We aimed to characterize serine protease inhibitor Kazal type 1 (SPINK1) as a gene signature for the early diagnosis, molecular targeting, and prediction of immune checkpoint blockade (ICB) treatment response of hepatocellular carcinoma (HCC).

Methods

The transcriptomics, proteomics, and phenotypic analyses were performed separately or in combination.

Results

We obtained the following findings on SPINK1. Firstly, in the transcriptomic training dataset, which included 279 stage I and II tumor samples (out of 1,884 stage I–IV HCC specimens) and 259 normal samples, significantly higher area under curve (AUC) values and increased integrated discrimination improvement (IDI) and net reclassification improvement (NRI) were demonstrated for HCC discrimination in SPINK1-associated models compared with those of alpha-fetoprotein (AFP).
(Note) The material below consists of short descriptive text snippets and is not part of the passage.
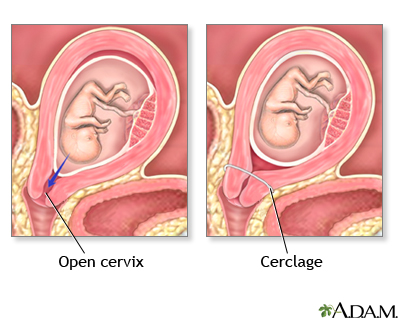 Cervix Cervix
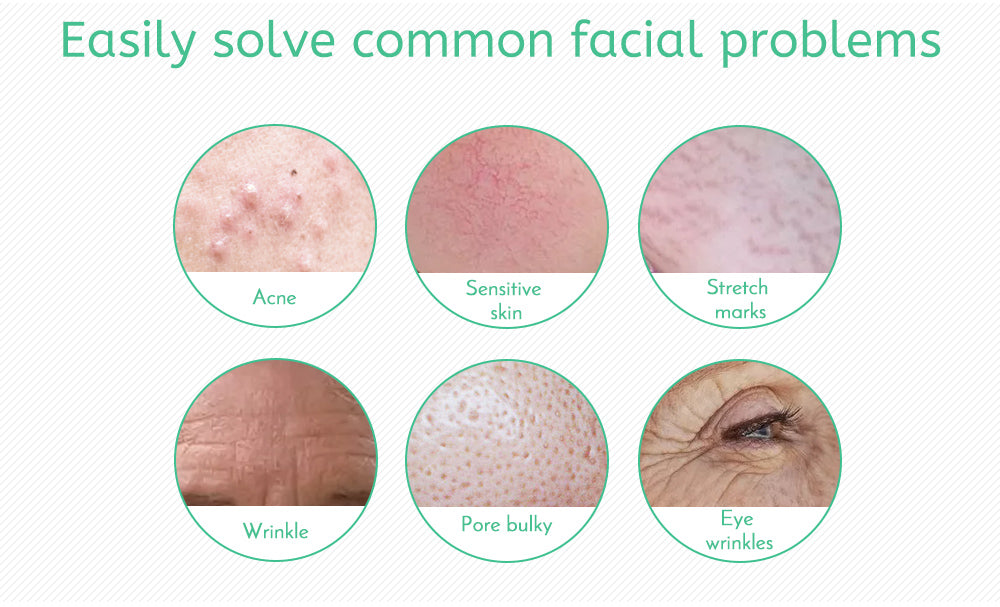 FACEGLOW Titanium Microneedle Derma Roller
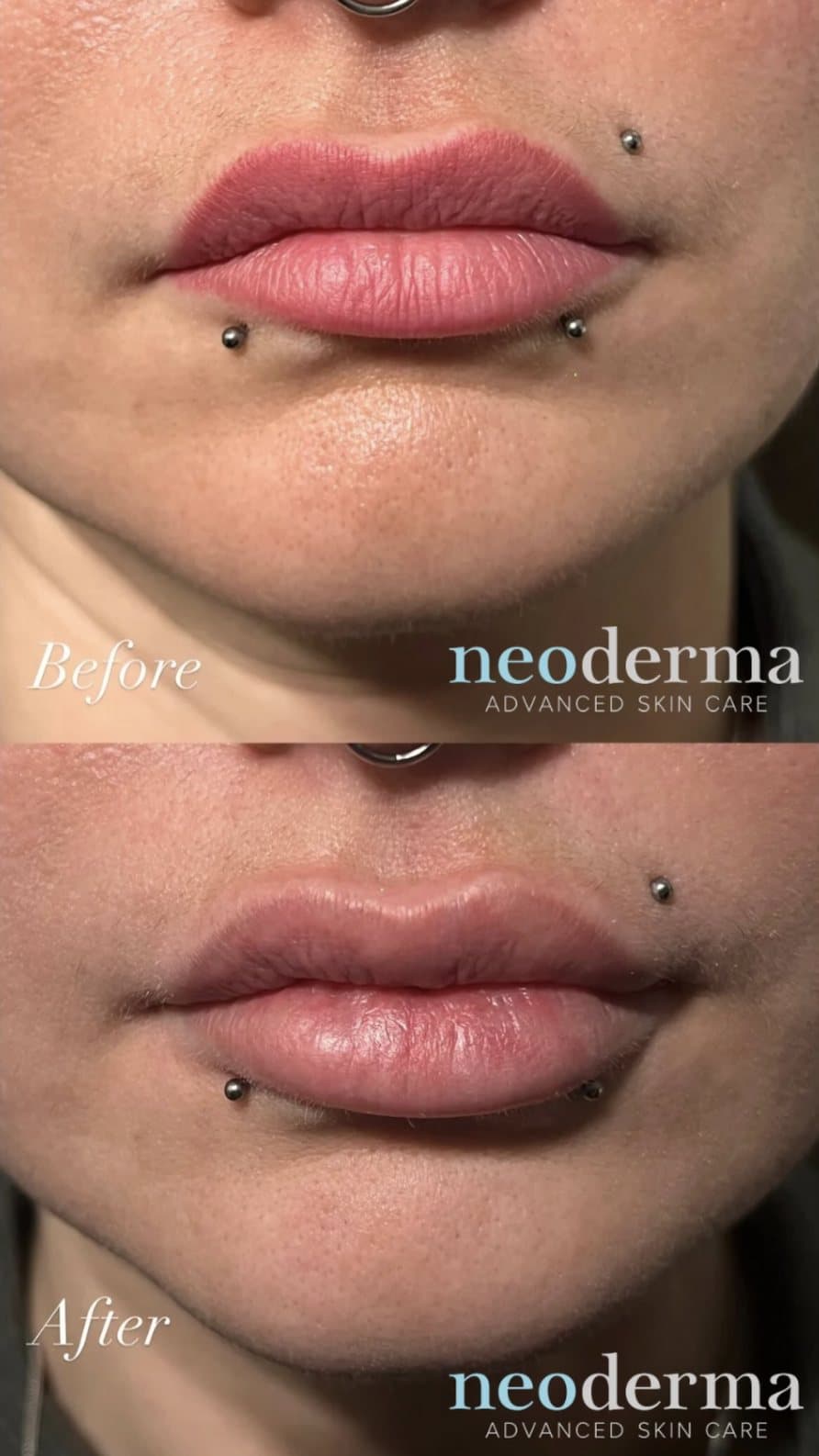 Before and after lip blush tattoo removal at Neoderma Anaheim — saturated, over-drawn permanent lip pigment cleared back to a natural lip colour and border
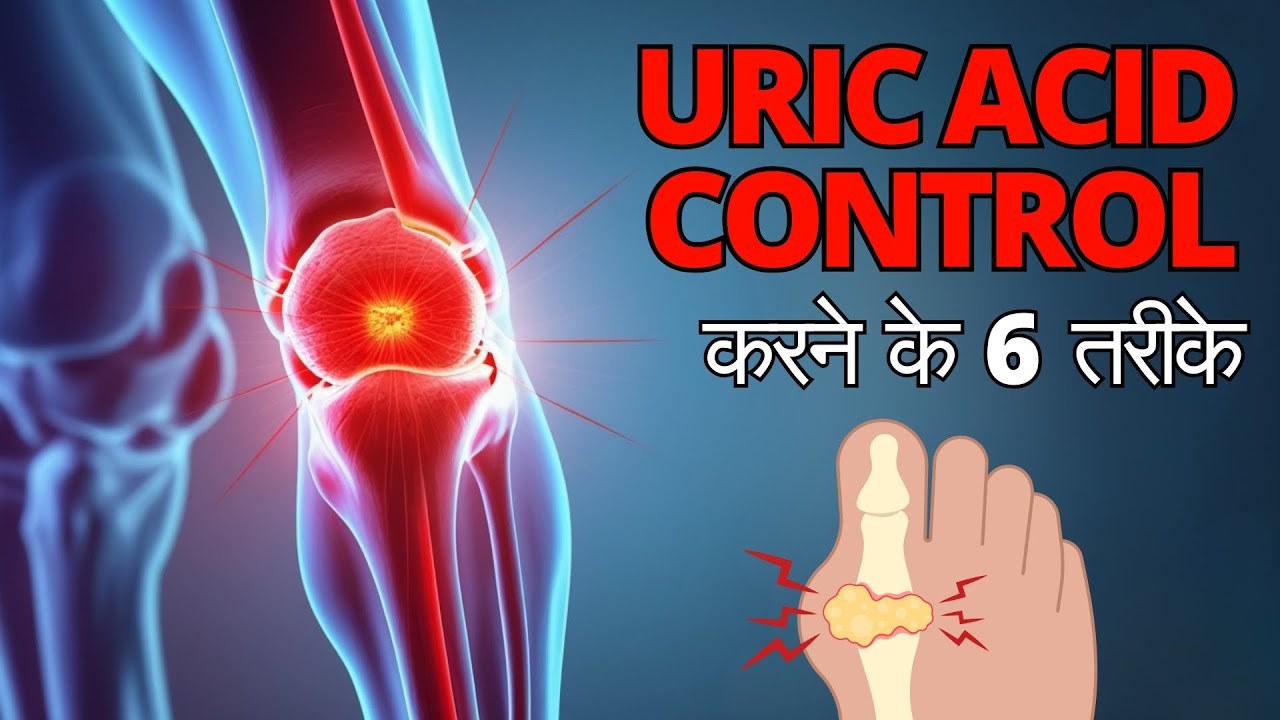 Uric Acid: Causes, Effects & Diet Myths | Dr. Uday Pote 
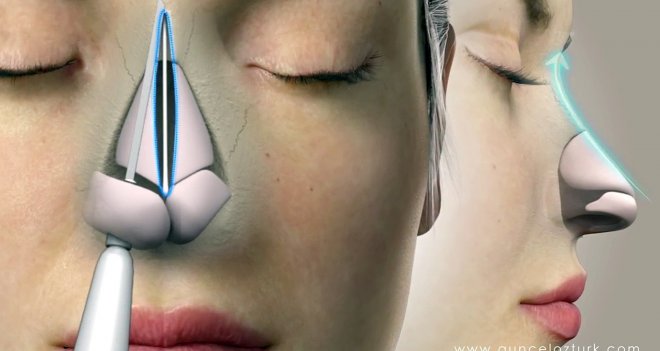 Burun Estetiği ile Şekil ve İşlev Düzeltme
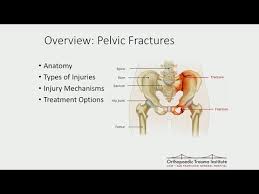 This is usually achieved using js templates like underscore templates, mustache, handlebars etc. Diagram Of Common Back Bone Break Low Back Pain Wikipedia Also Known As Ishikawa Or Cause And Effect Diagrams Veda Images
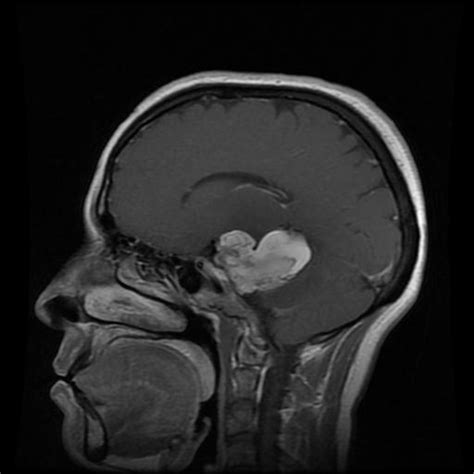 Ruptured Intracranial Dermoid Cyst Image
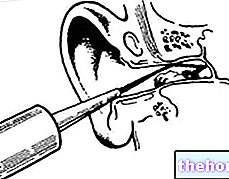 Почистване на ушите - здраве на ушите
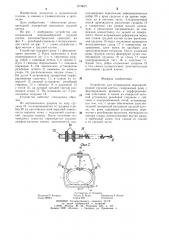 Устройство для исправления воронкообразной грудной клетки (патент 1279621)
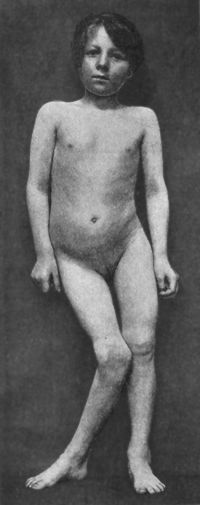 Fig. 136.—Female child with right-sided Genu Valgum,
the result of Rickets. The pelvis is tilted, and the spine is curved.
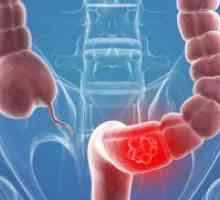 Rak debelog crijeva sigmoidalne - prvi simptomi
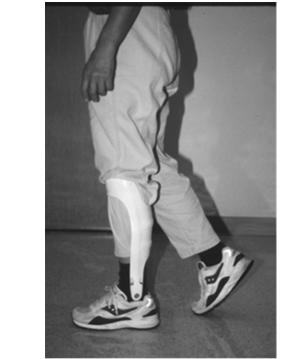 Plantarflexion Weakness AFO with a Dorsiflexion Stop Provides stability in the sagittal plane by controlling tibial advancement during midstance and terminal stance Relationship between adequate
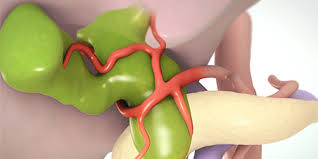 Choledochal Cyst Treatment in Electronic City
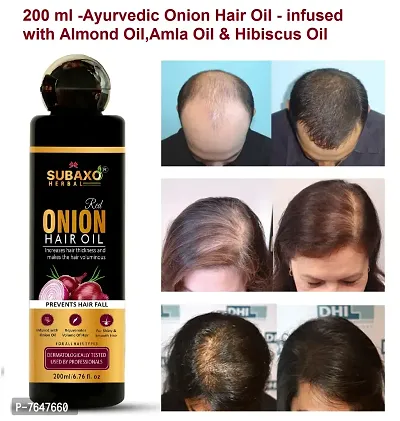 Subaxo Herbal Ayurvedic Red Onion Hair Oil / /Infused with Blackseed oil //Anti Hair Fall // For Long -Healthy Hair// -200 ML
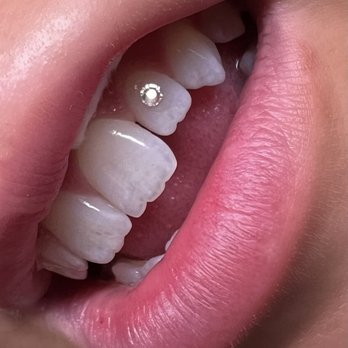 Imagine Esthetics - Tooth gem - Skin Care Near Me - Charlottesville, Virginia Imagine Esthetics - Tooth gem - Skin Care Near Me - Charlottesville, Virginia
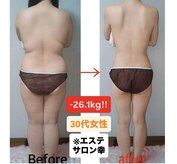 エステサロン 幸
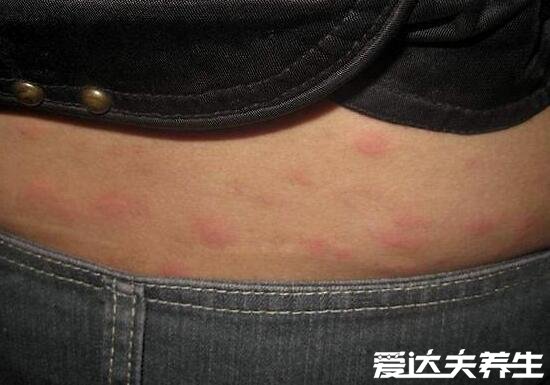 身上起红疙瘩很痒图片及原因,可能是湿疹引起的(四大原因)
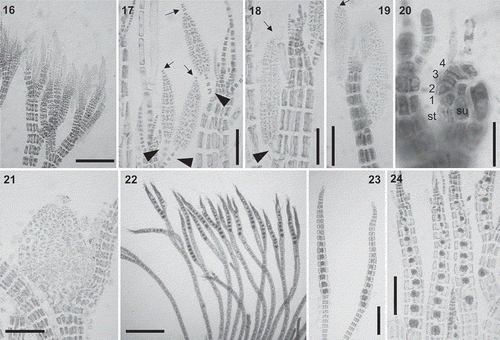 Figs 16–24. Vertebrata cymatophila (17, 18, 22, 24) and V. barbarae sp. nov. (16, 19–21, 23): Reproductive morphology. Fig. 16. Apical branches bearing abundant spermatangial branches. Figs 17–19. Spermatangial branches with 1–5 basal (arrowheads) and 0–4 apical (arrows) sterile cells. Fig. 20. Procarp showing the supporting cell (su), the sterile basal cell (st) and the four-celled carpogonial branch (1–4). Fig. 21. Cystocarp. Figs 22–24. Apical branches with tetrasporangia. Scale bars: Figs 16, 21, 24 = 150 µm; Figs 17–19 = 70 µm; Fig. 20 = 20 µm; Figs 22–23 = 200 µm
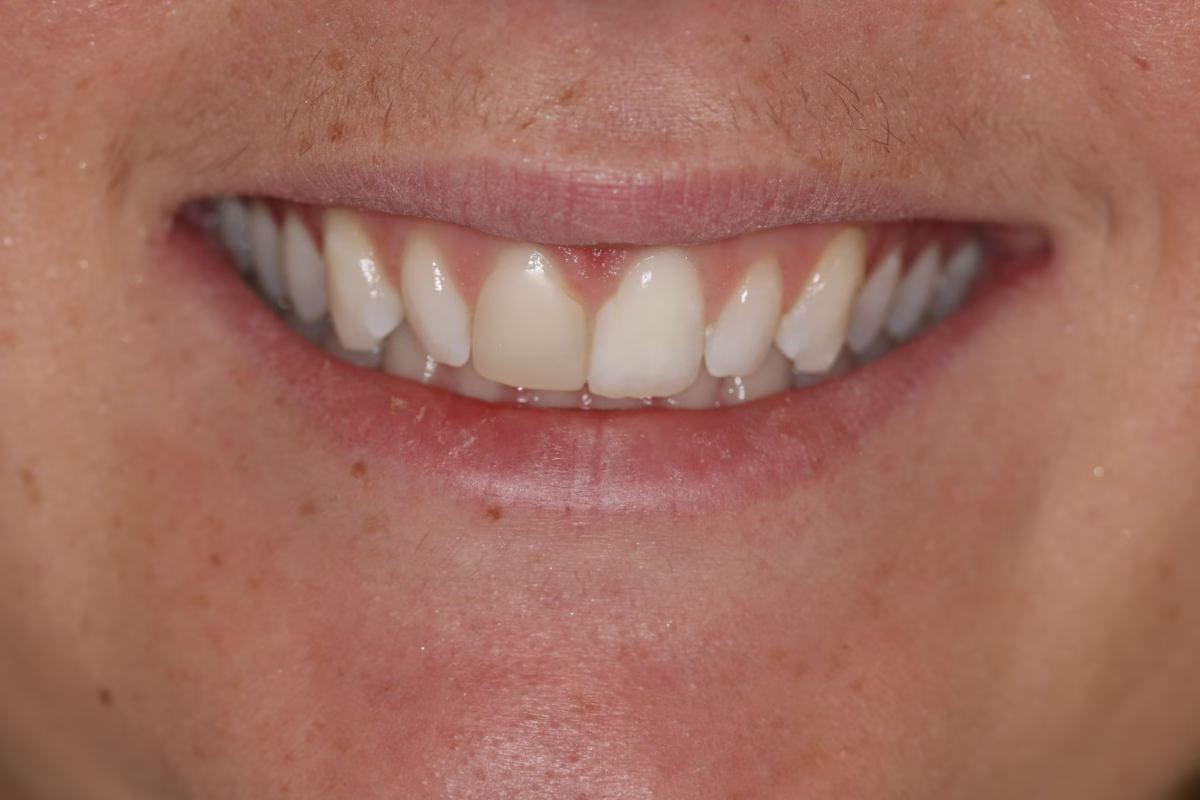 Georgetown Dentistry Smile Gallery img 1282 migrated - Smile Gallery Georgetown Dentistry Smile Gallery img 1282 migrated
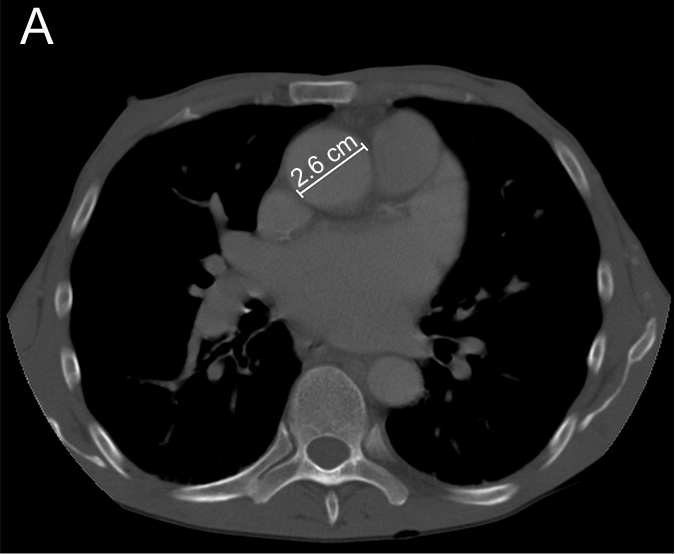 Examples of cardiovascular chest CT findings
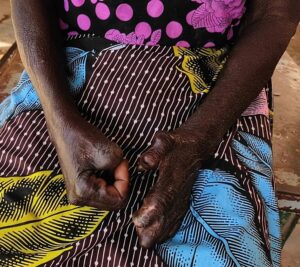 Lepra in Senegal: Touba registreert 25% van de gevallen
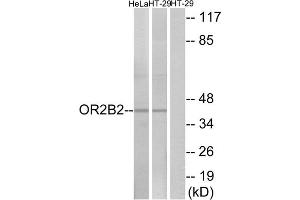 Western blot analysis of extracts from HeLa cells and HT-29 cells, using OR2B2 antibody. (OR2B2 抗体  (Internal Region))
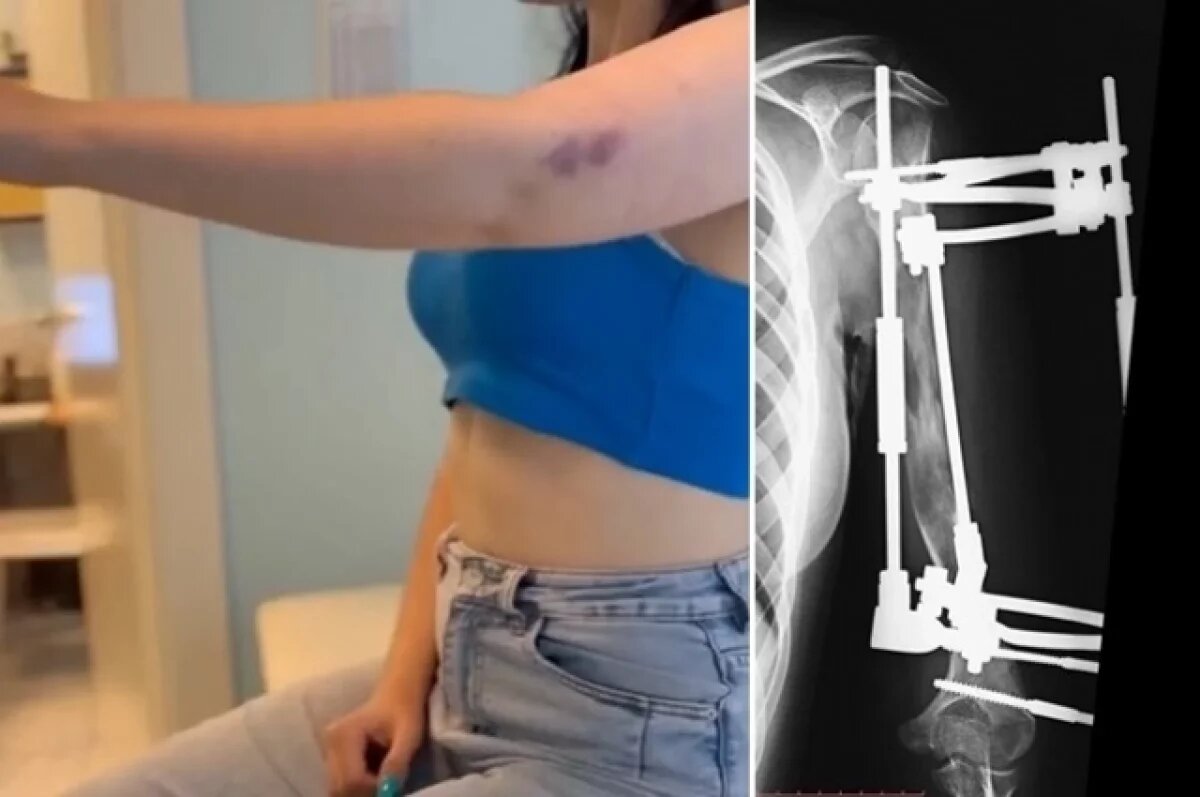    Самарские хирурги удлинили на 13 сантиметров руку 17-летней девушке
The calibration of both SPINK1-related curves fitted significantly better than that of AFP. In the two independent transcriptomic validation datasets, which included 201, 103 stage I-II tumor and 192, 169 paired non-tumor specimens, respectively, the obtained results were consistent with the above-described findings. In the proteomic training dataset, which included 98 stage I and II tumor and 165 normal tissue samples, the analyses also revealed better AUCs and increased IDI and NRI in the aforementioned SPINK1-associated settings. A moderate calibration was shown for both SPINK1-associated models relative to the poor results of AFP. Secondly, in the in vitro and/or in vivo murine models, the wet-lab experiments demonstrated that SPINK1 promoted the proliferation, clonal formation, migration, chemoresistance, anti-apoptosis, tumorigenesis, and metastasis of HCC cells, while the anti-SPINK1 antibody inhibited the growth of the cells, suggesting that SPINK1 has “tumor marker” and “targetable” characteristics in the management of HCC. The Gene Ontology (GO) and Kyoto Encyclopedia of Genes and Genomes (KEGG) analyses revealed that SPINK1 was engaged in immunity-related pathways, including T-cell activation. Thirdly, in the transcriptomic analyses of the 368 HCC specimens from The Cancer Genome Atlas (TCGA) cohort, the high abundance of SPINK1 was positively correlated with the high levels of activated tumor-infiltrating CD4+ and CD8+ T lymphocytes and dendritic and natural killer cells, while there were also positive correlations between SPINK1 and immune checkpoints, including PD-1, LAG-3, TIM-3, TIGIT, HAVCR2, and CTLA-4. The ESTIMATE algorithm calculated positive correlations between SPINK1 and the immune and ESTIMATE scores, suggesting a close correlation between SPINK1 and the immunogenic microenvironment within HCC tissues, which may possibly help in predicting the response of patients to ICB therapy.

Conclusions

SPINK1 could be a potential biomarker for the early detection, targeted therapy, and prediction of ICB treatment response in the management of HCC.